## Exercise objective:
Please restate the data that follows, leaving every word in place.

(Short descriptive text snippets)

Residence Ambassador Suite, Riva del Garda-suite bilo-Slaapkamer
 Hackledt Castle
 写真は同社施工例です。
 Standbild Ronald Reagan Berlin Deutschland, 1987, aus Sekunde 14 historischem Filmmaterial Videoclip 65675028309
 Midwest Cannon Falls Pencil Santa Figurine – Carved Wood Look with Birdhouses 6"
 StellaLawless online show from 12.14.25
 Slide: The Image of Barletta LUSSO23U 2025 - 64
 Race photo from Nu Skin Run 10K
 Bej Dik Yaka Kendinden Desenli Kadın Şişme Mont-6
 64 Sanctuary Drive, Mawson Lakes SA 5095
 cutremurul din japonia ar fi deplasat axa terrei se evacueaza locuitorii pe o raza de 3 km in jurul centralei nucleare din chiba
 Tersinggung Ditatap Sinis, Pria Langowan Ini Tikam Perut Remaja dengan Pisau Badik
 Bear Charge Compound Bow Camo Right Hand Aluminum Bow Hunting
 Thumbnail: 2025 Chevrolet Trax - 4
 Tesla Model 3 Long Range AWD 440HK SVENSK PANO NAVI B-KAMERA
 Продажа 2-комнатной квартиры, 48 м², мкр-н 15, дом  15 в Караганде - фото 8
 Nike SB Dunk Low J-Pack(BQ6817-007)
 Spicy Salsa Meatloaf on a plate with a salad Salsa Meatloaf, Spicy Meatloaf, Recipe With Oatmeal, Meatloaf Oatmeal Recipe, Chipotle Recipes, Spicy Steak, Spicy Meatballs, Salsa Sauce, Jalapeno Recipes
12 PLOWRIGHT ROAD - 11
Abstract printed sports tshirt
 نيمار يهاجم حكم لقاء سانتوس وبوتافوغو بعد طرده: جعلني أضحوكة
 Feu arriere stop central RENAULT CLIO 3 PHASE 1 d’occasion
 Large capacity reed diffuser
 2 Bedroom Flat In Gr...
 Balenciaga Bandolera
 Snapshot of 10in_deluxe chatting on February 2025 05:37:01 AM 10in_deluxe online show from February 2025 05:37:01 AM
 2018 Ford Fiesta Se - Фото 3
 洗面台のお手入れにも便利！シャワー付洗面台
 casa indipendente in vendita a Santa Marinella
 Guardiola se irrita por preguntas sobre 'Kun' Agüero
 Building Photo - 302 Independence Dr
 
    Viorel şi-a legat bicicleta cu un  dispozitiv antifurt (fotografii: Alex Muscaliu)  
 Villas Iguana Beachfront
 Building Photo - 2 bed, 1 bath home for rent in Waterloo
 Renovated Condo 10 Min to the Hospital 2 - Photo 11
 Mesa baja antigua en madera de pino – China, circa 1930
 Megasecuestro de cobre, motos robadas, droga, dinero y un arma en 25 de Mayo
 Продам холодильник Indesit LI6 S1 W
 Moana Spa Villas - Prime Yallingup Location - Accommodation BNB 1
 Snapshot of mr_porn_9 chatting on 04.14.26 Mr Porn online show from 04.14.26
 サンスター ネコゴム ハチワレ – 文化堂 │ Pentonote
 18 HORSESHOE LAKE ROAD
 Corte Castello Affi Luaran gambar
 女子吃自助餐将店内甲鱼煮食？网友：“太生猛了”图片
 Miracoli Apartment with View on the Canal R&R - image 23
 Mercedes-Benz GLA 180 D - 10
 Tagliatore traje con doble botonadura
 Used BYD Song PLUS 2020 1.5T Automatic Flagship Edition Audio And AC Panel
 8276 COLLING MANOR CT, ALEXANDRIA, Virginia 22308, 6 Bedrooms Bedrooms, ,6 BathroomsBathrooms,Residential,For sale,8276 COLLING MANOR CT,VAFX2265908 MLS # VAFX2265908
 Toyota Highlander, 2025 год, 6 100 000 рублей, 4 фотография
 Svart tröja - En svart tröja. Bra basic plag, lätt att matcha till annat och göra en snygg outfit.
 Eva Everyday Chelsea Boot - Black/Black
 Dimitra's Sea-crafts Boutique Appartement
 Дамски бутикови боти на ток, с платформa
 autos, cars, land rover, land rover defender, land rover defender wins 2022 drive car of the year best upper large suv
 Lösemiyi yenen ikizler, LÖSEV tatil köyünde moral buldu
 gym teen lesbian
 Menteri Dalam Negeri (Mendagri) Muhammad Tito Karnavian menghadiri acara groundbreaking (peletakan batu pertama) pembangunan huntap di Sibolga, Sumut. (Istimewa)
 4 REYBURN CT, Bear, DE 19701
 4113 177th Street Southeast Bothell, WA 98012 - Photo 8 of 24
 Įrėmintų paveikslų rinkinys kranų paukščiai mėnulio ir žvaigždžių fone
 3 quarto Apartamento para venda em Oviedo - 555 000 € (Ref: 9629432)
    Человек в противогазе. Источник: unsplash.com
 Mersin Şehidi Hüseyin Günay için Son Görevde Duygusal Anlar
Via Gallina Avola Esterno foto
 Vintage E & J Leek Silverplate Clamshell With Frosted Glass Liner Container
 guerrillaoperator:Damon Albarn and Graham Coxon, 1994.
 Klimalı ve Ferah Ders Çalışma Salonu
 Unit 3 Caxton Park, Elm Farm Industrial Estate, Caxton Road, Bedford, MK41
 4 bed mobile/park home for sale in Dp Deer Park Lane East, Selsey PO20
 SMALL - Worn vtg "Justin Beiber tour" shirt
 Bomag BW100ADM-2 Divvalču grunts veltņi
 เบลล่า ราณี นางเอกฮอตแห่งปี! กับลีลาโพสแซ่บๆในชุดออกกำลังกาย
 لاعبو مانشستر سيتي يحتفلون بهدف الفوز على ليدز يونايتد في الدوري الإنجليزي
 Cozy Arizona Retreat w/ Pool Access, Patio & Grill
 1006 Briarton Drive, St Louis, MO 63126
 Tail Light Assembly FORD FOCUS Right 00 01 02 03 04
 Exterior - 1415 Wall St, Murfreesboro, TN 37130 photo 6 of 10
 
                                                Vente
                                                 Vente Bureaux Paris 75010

## Expected output:
Residence Ambassador Suite, Riva del Garda-suite bilo-Slaapkamer
 Hackledt Castle
 写真は同社施工例です。
 Standbild Ronald Reagan Berlin Deutschland, 1987, aus Sekunde 14 historischem Filmmaterial Videoclip 65675028309
 Midwest Cannon Falls Pencil Santa Figurine – Carved Wood Look with Birdhouses 6"
 StellaLawless online show from 12.14.25
 Slide: The Image of Barletta LUSSO23U 2025 - 64
 Race photo from Nu Skin Run 10K
 Bej Dik Yaka Kendinden Desenli Kadın Şişme Mont-6
 64 Sanctuary Drive, Mawson Lakes SA 5095
 cutremurul din japonia ar fi deplasat axa terrei se evacueaza locuitorii pe o raza de 3 km in jurul centralei nucleare din chiba
 Tersinggung Ditatap Sinis, Pria Langowan Ini Tikam Perut Remaja dengan Pisau Badik
 Bear Charge Compound Bow Camo Right Hand Aluminum Bow Hunting
 Thumbnail: 2025 Chevrolet Trax - 4
 Tesla Model 3 Long Range AWD 440HK SVENSK PANO NAVI B-KAMERA
 Продажа 2-комнатной квартиры, 48 м², мкр-н 15, дом  15 в Караганде - фото 8
 Nike SB Dunk Low J-Pack(BQ6817-007)
 Spicy Salsa Meatloaf on a plate with a salad Salsa Meatloaf, Spicy Meatloaf, Recipe With Oatmeal, Meatloaf Oatmeal Recipe, Chipotle Recipes, Spicy Steak, Spicy Meatballs, Salsa Sauce, Jalapeno Recipes
12 PLOWRIGHT ROAD - 11
Abstract printed sports tshirt
 نيمار يهاجم حكم لقاء سانتوس وبوتافوغو بعد طرده: جعلني أضحوكة
 Feu arriere stop central RENAULT CLIO 3 PHASE 1 d’occasion
 Large capacity reed diffuser
 2 Bedroom Flat In Gr...
 Balenciaga Bandolera
 Snapshot of 10in_deluxe chatting on February 2025 05:37:01 AM 10in_deluxe online show from February 2025 05:37:01 AM
 2018 Ford Fiesta Se - Фото 3
 洗面台のお手入れにも便利！シャワー付洗面台
 casa indipendente in vendita a Santa Marinella
 Guardiola se irrita por preguntas sobre 'Kun' Agüero
 Building Photo - 302 Independence Dr
 
    Viorel şi-a legat bicicleta cu un  dispozitiv antifurt (fotografii: Alex Muscaliu)  
 Villas Iguana Beachfront
 Building Photo - 2 bed, 1 bath home for rent in Waterloo
 Renovated Condo 10 Min to the Hospital 2 - Photo 11
 Mesa baja antigua en madera de pino – China, circa 1930
 Megasecuestro de cobre, motos robadas, droga, dinero y un arma en 25 de Mayo
 Продам холодильник Indesit LI6 S1 W
 Moana Spa Villas - Prime Yallingup Location - Accommodation BNB 1
 Snapshot of mr_porn_9 chatting on 04.14.26 Mr Porn online show from 04.14.26
 サンスター ネコゴム ハチワレ – 文化堂 │ Pentonote
 18 HORSESHOE LAKE ROAD
 Corte Castello Affi Luaran gambar
 女子吃自助餐将店内甲鱼煮食？网友：“太生猛了”图片
 Miracoli Apartment with View on the Canal R&R - image 23
 Mercedes-Benz GLA 180 D - 10
 Tagliatore traje con doble botonadura
 Used BYD Song PLUS 2020 1.5T Automatic Flagship Edition Audio And AC Panel
 8276 COLLING MANOR CT, ALEXANDRIA, Virginia 22308, 6 Bedrooms Bedrooms, ,6 BathroomsBathrooms,Residential,For sale,8276 COLLING MANOR CT,VAFX2265908 MLS # VAFX2265908
 Toyota Highlander, 2025 год, 6 100 000 рублей, 4 фотография
 Svart tröja - En svart tröja. Bra basic plag, lätt att matcha till annat och göra en snygg outfit.
 Eva Everyday Chelsea Boot - Black/Black
 Dimitra's Sea-crafts Boutique Appartement
 Дамски бутикови боти на ток, с платформa
 autos, cars, land rover, land rover defender, land rover defender wins 2022 drive car of the year best upper large suv
 Lösemiyi yenen ikizler, LÖSEV tatil köyünde moral buldu
 gym teen lesbian
 Menteri Dalam Negeri (Mendagri) Muhammad Tito Karnavian menghadiri acara groundbreaking (peletakan batu pertama) pembangunan huntap di Sibolga, Sumut. (Istimewa)
 4 REYBURN CT, Bear, DE 19701
 4113 177th Street Southeast Bothell, WA 98012 - Photo 8 of 24
 Įrėmintų paveikslų rinkinys kranų paukščiai mėnulio ir žvaigždžių fone
 3 quarto Apartamento para venda em Oviedo - 555 000 € (Ref: 9629432)
    Человек в противогазе. Источник: unsplash.com
 Mersin Şehidi Hüseyin Günay için Son Görevde Duygusal Anlar
Via Gallina Avola Esterno foto
 Vintage E & J Leek Silverplate Clamshell With Frosted Glass Liner Container
 guerrillaoperator:Damon Albarn and Graham Coxon, 1994.
 Klimalı ve Ferah Ders Çalışma Salonu
 Unit 3 Caxton Park, Elm Farm Industrial Estate, Caxton Road, Bedford, MK41
 4 bed mobile/park home for sale in Dp Deer Park Lane East, Selsey PO20
 SMALL - Worn vtg "Justin Beiber tour" shirt
 Bomag BW100ADM-2 Divvalču grunts veltņi
 เบลล่า ราณี นางเอกฮอตแห่งปี! กับลีลาโพสแซ่บๆในชุดออกกำลังกาย
 لاعبو مانشستر سيتي يحتفلون بهدف الفوز على ليدز يونايتد في الدوري الإنجليزي
 Cozy Arizona Retreat w/ Pool Access, Patio & Grill
 1006 Briarton Drive, St Louis, MO 63126
 Tail Light Assembly FORD FOCUS Right 00 01 02 03 04
 Exterior - 1415 Wall St, Murfreesboro, TN 37130 photo 6 of 10
 
                                                Vente
                                                 Vente Bureaux Paris 75010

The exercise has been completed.